À la lumière de cela, nous pouvons mieux comprendre ce que dit le Talmud du mois au cours duquel Esther fut amenée au palais d’A’hachvéroch. Ce n’est pas seulement l’une des nombreuses « coïncidences » divinement arrangées qui composent le miracle de Pourim ; c’est également la description d’un élément vital du lien de D.ieu avec Son peuple. Tévet, le mois le plus froid de l’année, marque un moment dans notre relation avec le Tout-Puissant dans lequel « un corps tire son plaisir d’un corps ».
Le miroir mortel
Dans les relations humaines, l’union de l’homme et de la femme possède une dimension spirituelle et une dimension physique. Il y a le lien spirituel entre les esprits et les cœurs, la réalisation de soi que chacun tire de l’intelligence, des émotions, de l’esprit et du caractère de l’autre. Mais le « plaisir » dans la relation, au sens le plus puissant et le plus palpable du mot, réside dans son aspect physique, dans le contact et l’union de leurs corps.
Il en va de même de la relation homme-femme ultime, le prototype céleste à partir duquel toutes les relations hommes-femmes sont issues et qu’elles reflètent toutes : le lien entre D.ieu et Israël. Ici aussi, il existe à la fois un aspect « spirituel » et un aspect « corporel ». Ici aussi, l’élément le plus puissant de la relation est celui dans lequel « un corps tire son plaisir d’un corps ».
Le corps humain est souvent considéré comme n’étant rien de plus qu’un conteneur physique et un instrument de l’âme. En vérité, cependant, le corps est aussi l’homologue de l’âme, et son pôle opposé. Alors que l’âme est le siège de notre identité spirituelle – notre sens de notre mission et de notre but, d’être connecté à une vérité supérieure –, le corps est la source de notre être matériel, notre sens du caractère distinct et unique de notre existence. L’âme est « une partie de D.ieu d’en haut » et est toujours consciente de son insignifiance face à sa source divine ; elle reconnaît la loi cardinale de l’existence qu’« il n’est rien d’autre que Lui ». D’un autre côté, le corps a été doté d’un caractère concret et substantiel tel qu’il étouffe de fait toute conscience de son Créateur.
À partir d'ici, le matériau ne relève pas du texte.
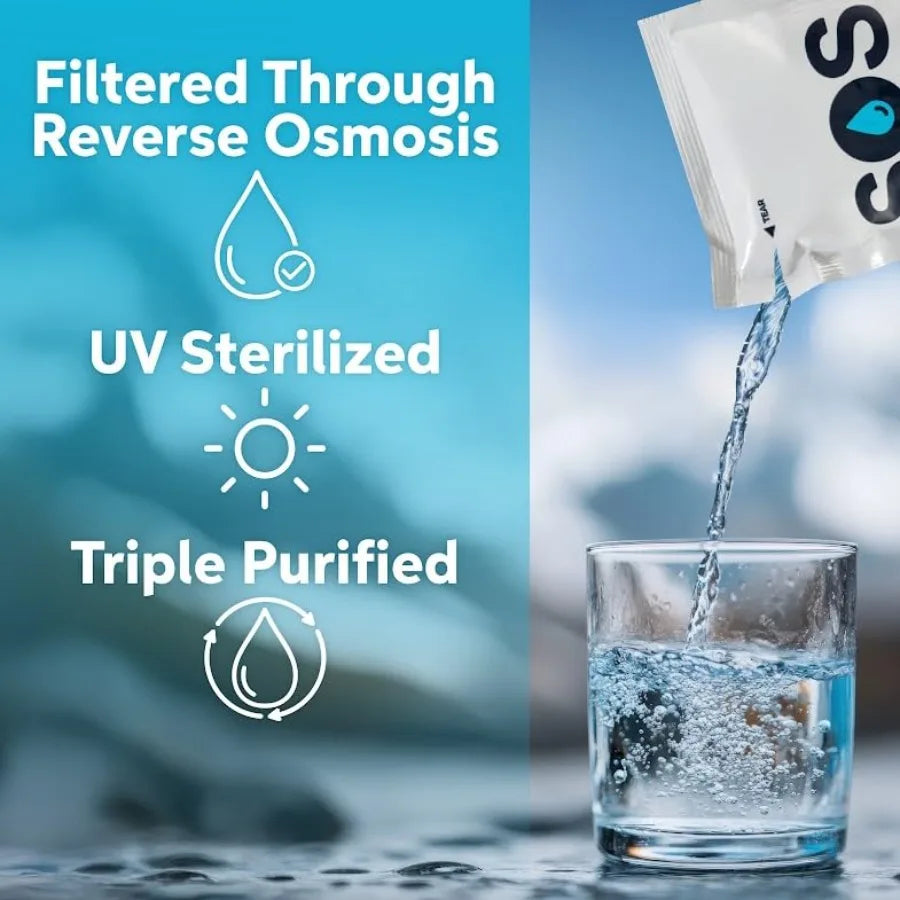 SOS Food Lab Emergency Water Pouches - 2 Gallons 4.2 Fl Oz Each - Triple Purified UV Sterilized Filtered Drinking Water for Dis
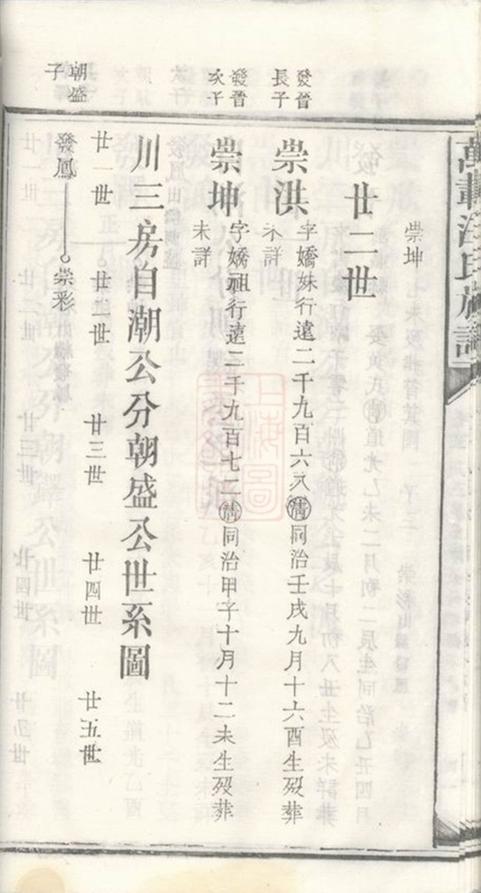 _萬載汪氏族譜 part __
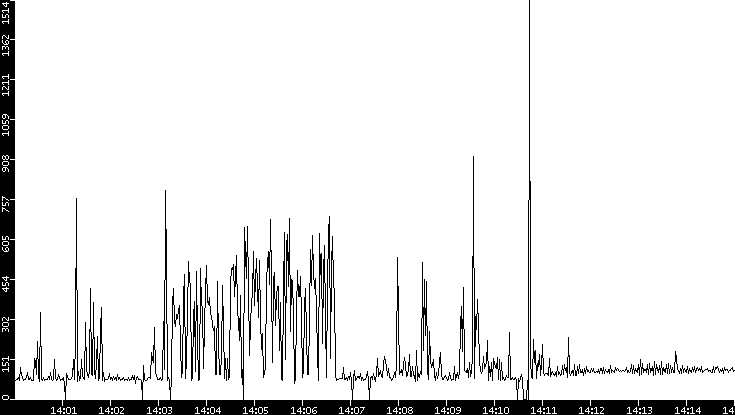Average Packet Size vs. Time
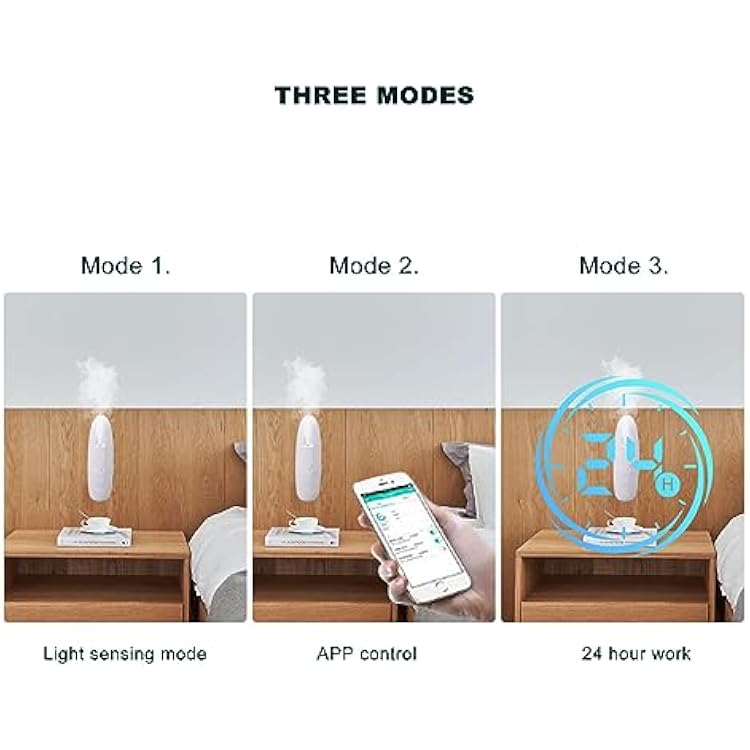 Upgraded Scent Air Machine, Smart Atomizing Essential Oil Diffuser, 100ML Plug in Aromatherapy Diffuser for Home, Hotel, Spa, Sauna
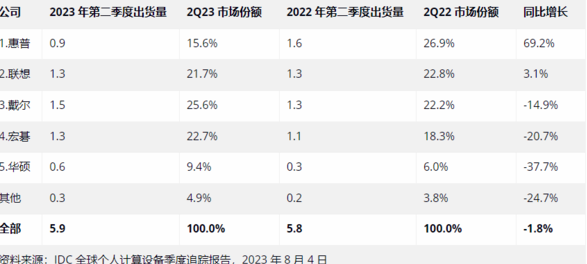 数据显示:今年第二季度苹果 iPad 出货 1050 万台,同比下降 16.8%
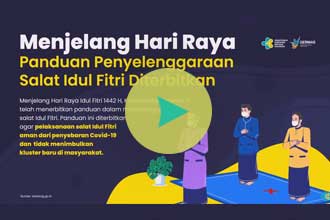 Panduan Ibadah Saat Hari Raya Idul Fitri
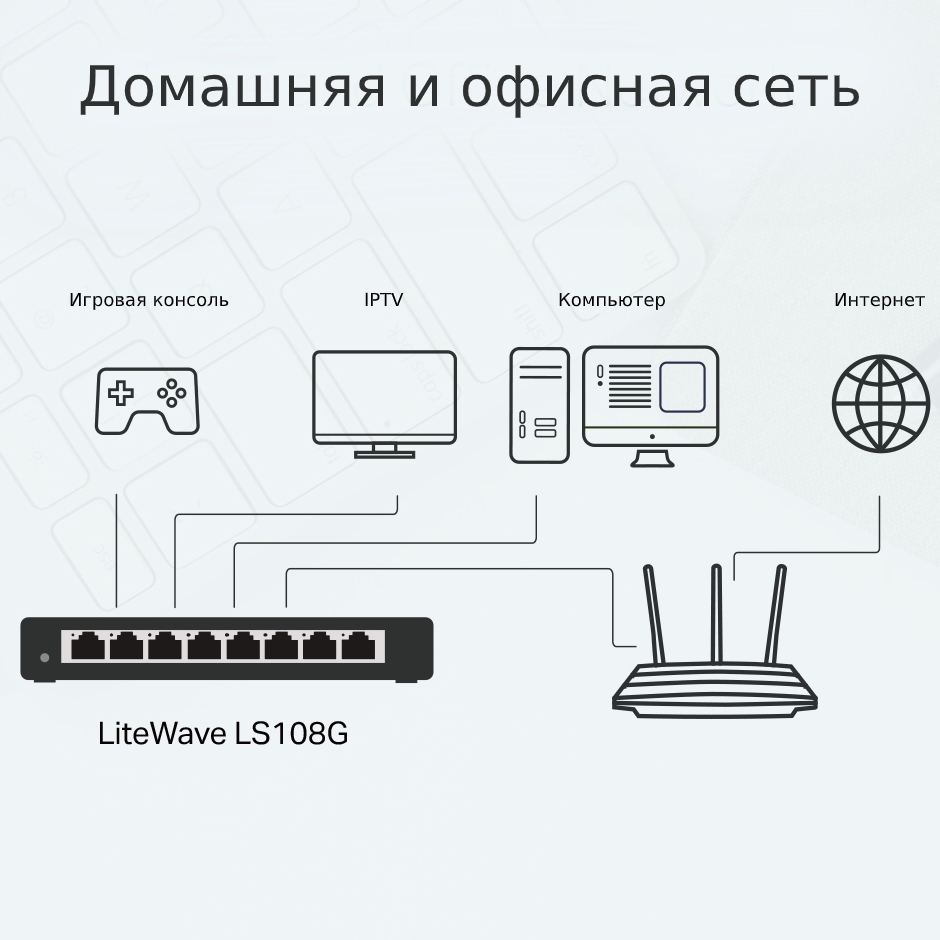 .8-port 10/100/1000Mbps Switch TP-LINK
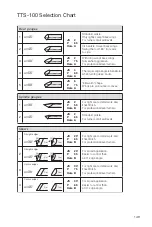 Preview for 4 page of tormek TTS-100 Manual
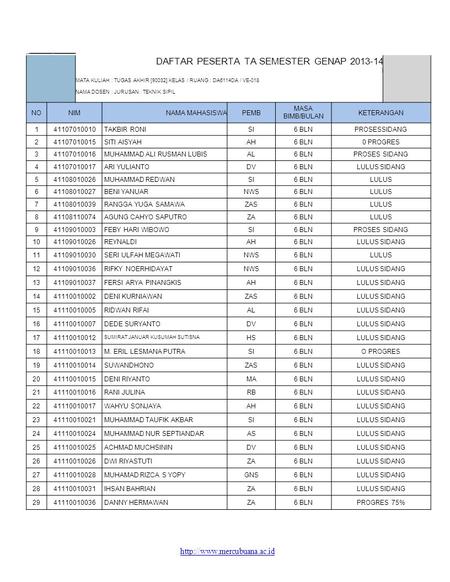 DAFTAR PESERTA TA SEMESTER GENAP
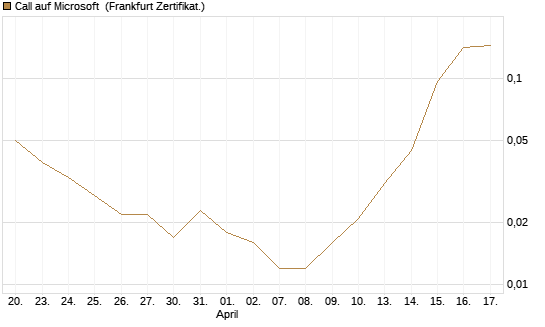 Call auf Microsoft [Vontobel] Chart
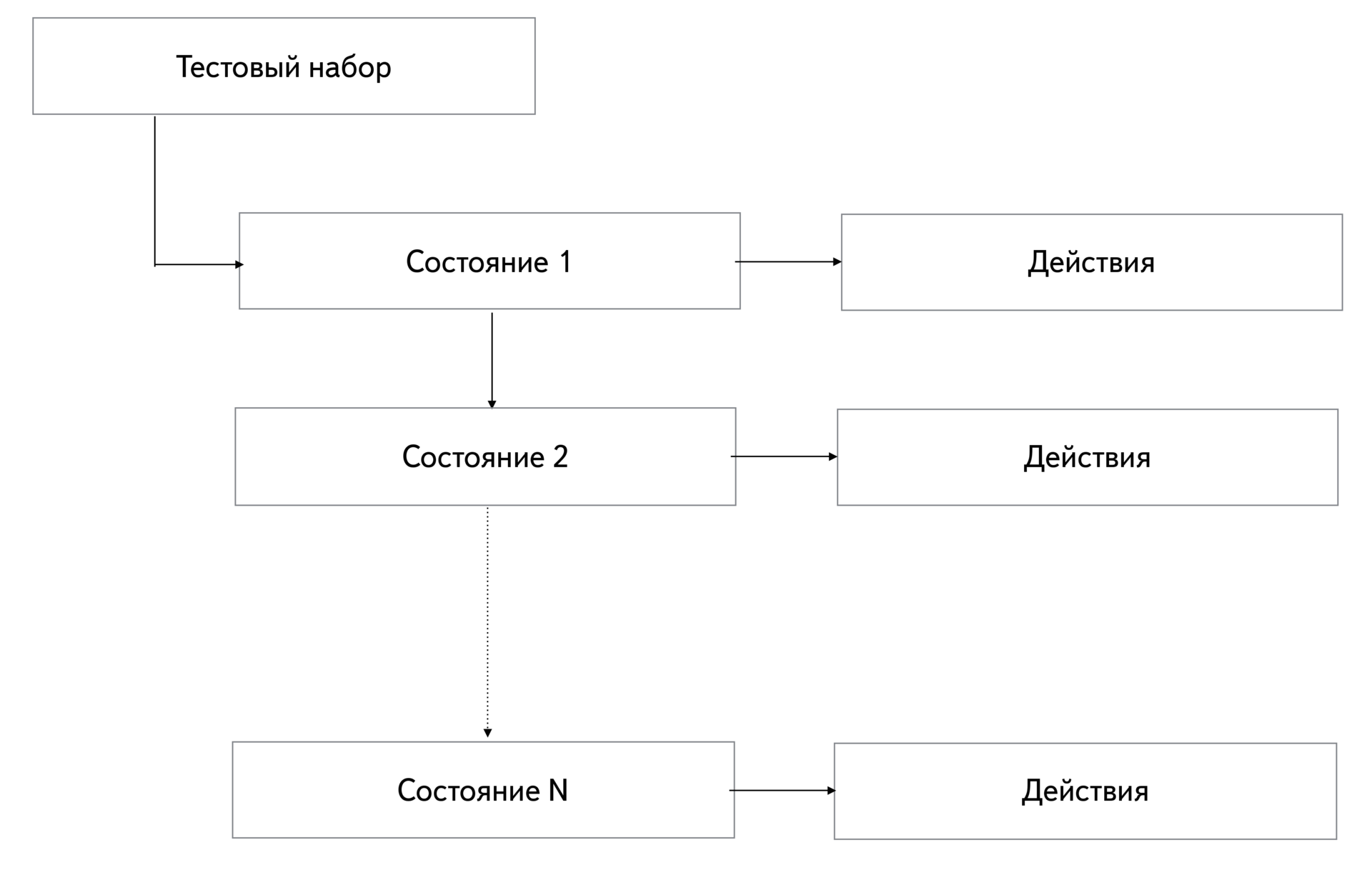 Как мы тестируем CSS регрессии с Gemini. Доклад на BEMup в Яндексе Как мы тестируем CSS регрессии с Gemini. Доклад на BEMup в Яндексе
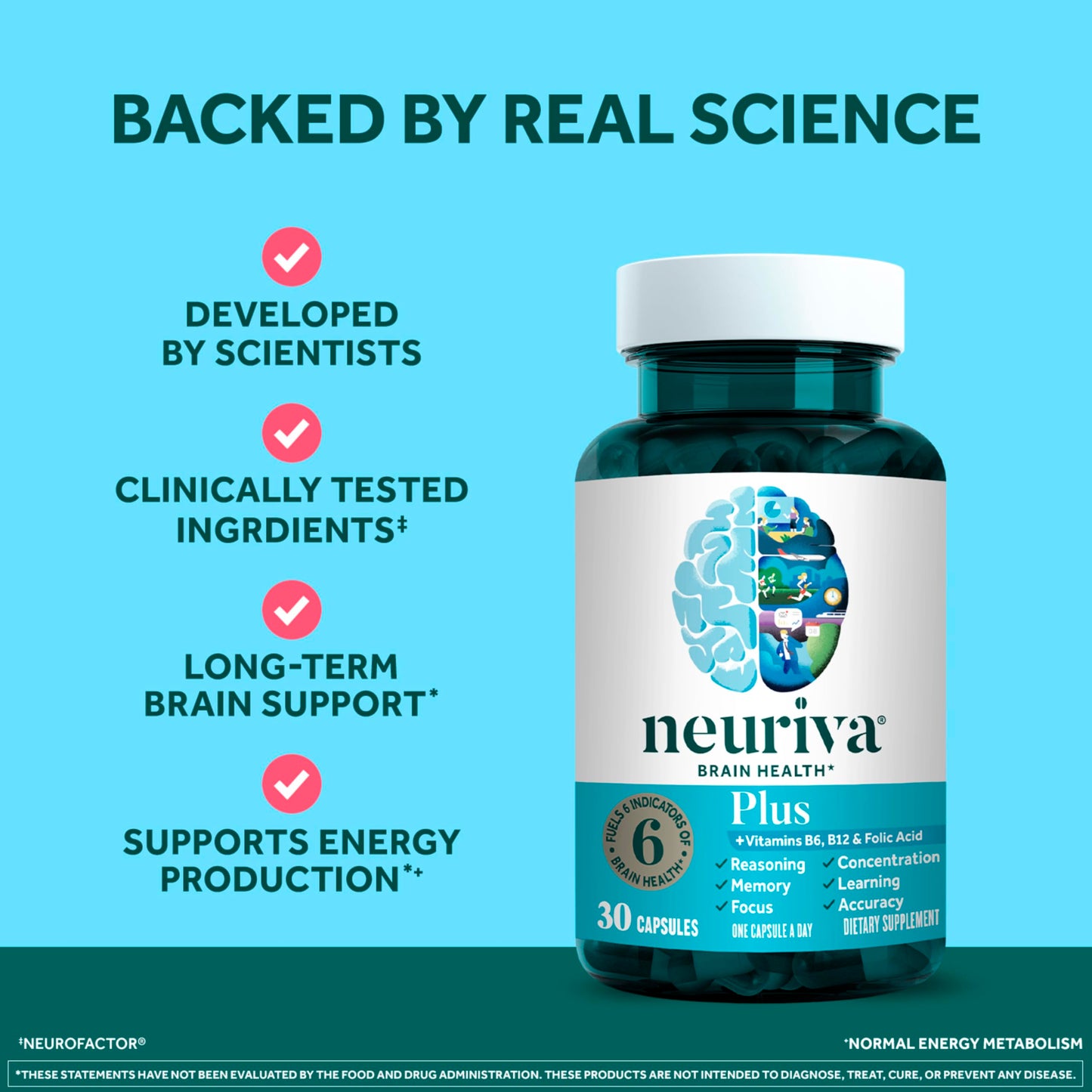 NEURIVA Plus Brain Supplements for Memory and Focus, Clinically Tested Nootropics Neurofactor and Phosphatidylserine, with Vitamin B12, Vitamin B6 and Folic Acid, 30 Count Capsules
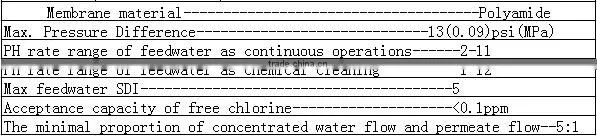 Antiscale Dispersant of RO Membrane
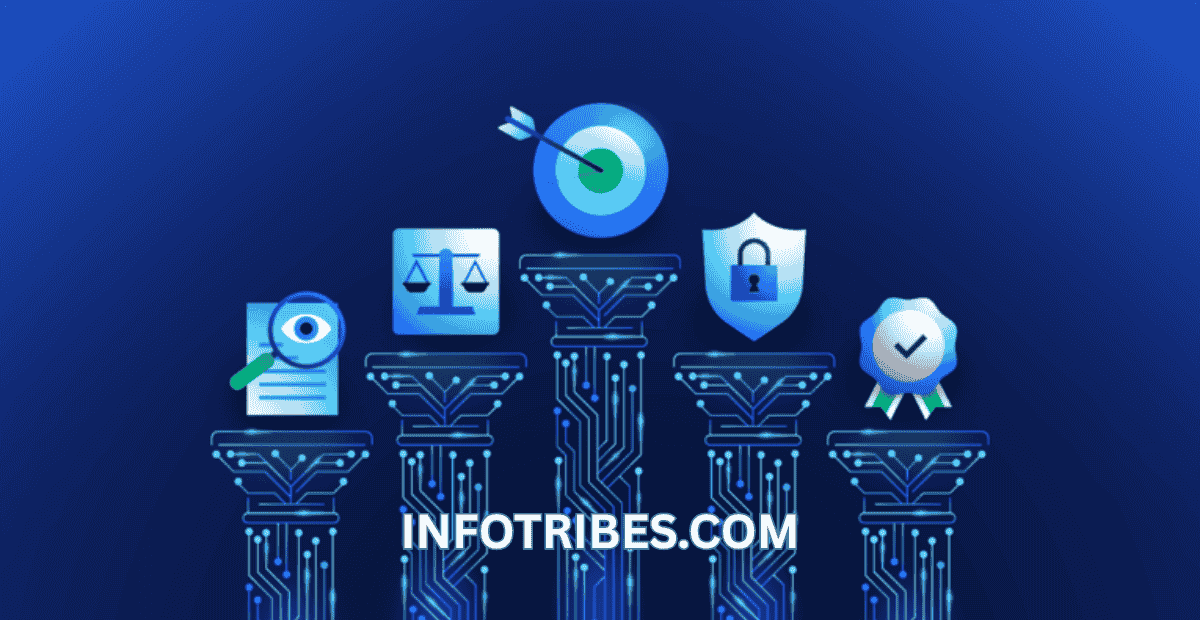 AI Morality Codes: Programming Ethics Into Conscious Machines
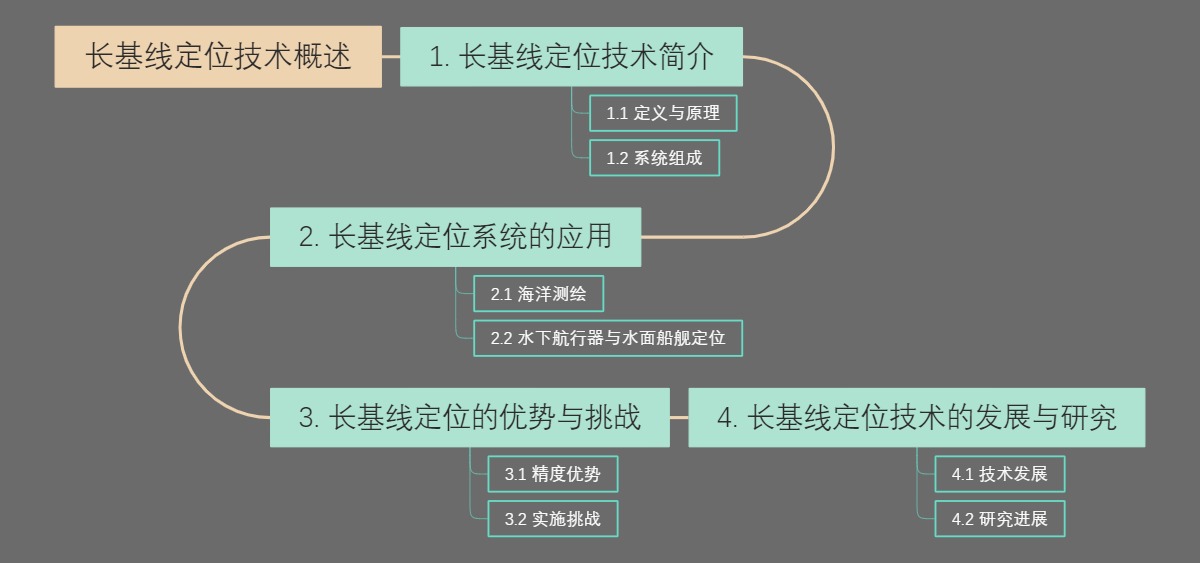 长基线定位技术概述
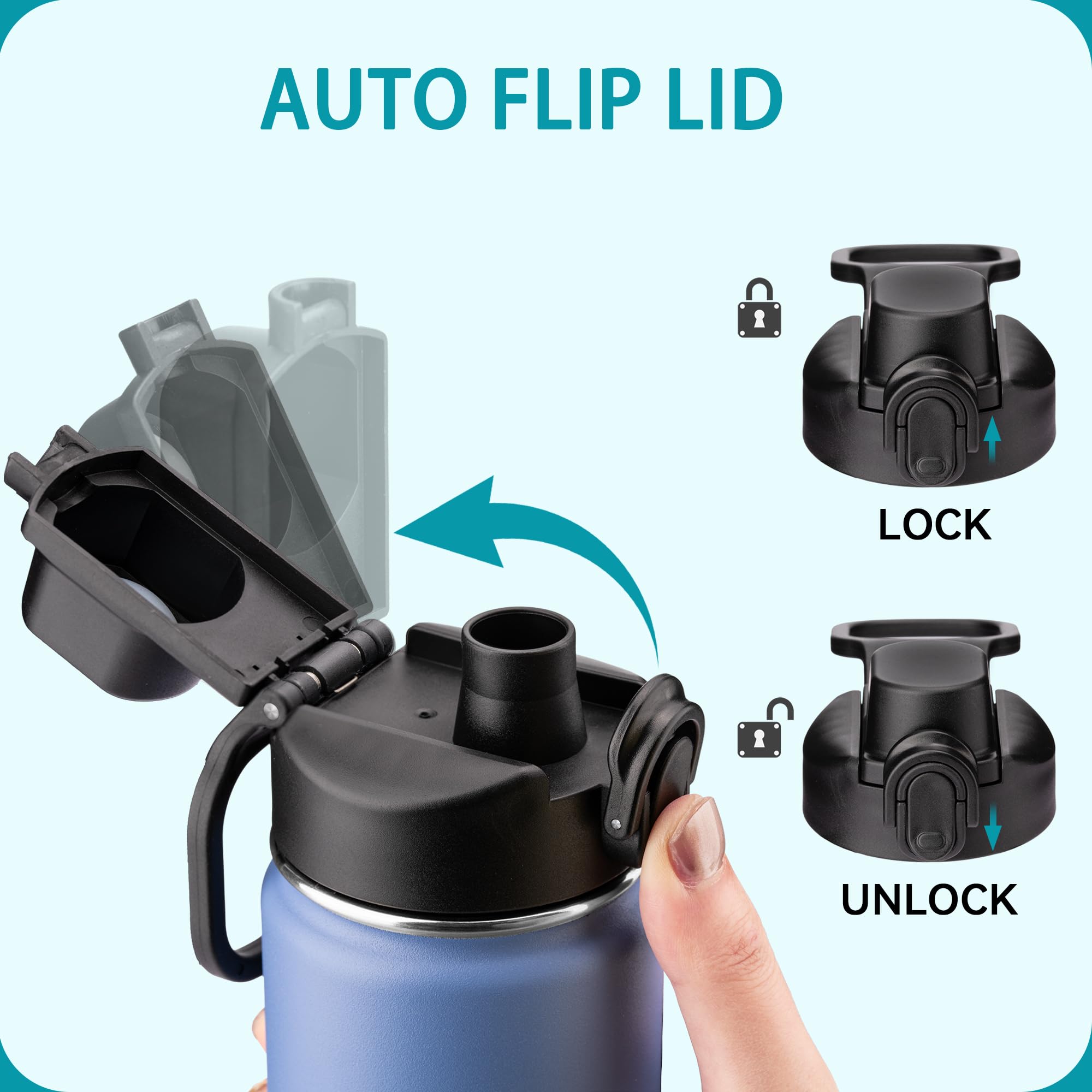 Auto Flip Lid For Bubba 20 24 40oz Wide Mouth Desertcart Seychelles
C’est le corps qui crée le sentiment du « je suis » qui sous-tend l’égocentrisme de la vie physique.
Nous, composés à la fois d’un corps et d’une âme, les rallions tous deux dans notre relation avec D.ieu. Nous Le servons avec notre moi spirituel : par notre étude de la Torah, nous imprégnons notre esprit de Sa sagesse ; à travers la prière, nous méditons sur Sa grandeur, cherchant à développer dans nos cœurs l’amour et la crainte de Lui. Ainsi, et d’autres manières, nous nous efforçons d’exercer la maîtrise de l’esprit sur la matière. Nous nous efforçons de subordonner les pulsions égoïstes du corps et d’exprimer l’attachement empreint d’effacement de soi de notre âme à son Créateur.
Substance et esprit
Mais ce n’est qu’un aspect de la relation. Le corps sert aussi D.ieu, non seulement en tant qu’instrument de l’âme, mais aussi avec ses propres ressources et l’identité matérielle qu’il génère.
La raison de la création, disent nos sages, est que « D.ieu désirait une demeure dans les domaines inférieurs ». « Les domaines inférieurs » est une expression qui désigne notre monde matériel, inférieur du fait de sa distance spirituelle de sa source, de son illusion d’autosuffisance, de son occultation presque totale de tout ce qui est transcendant et divin. Mais c’est ici que D.ieu voulut établir Sa résidence, désirant que ce « domaine inférieur » soit rendu apte à contenir et exprimer Son Être essentiel.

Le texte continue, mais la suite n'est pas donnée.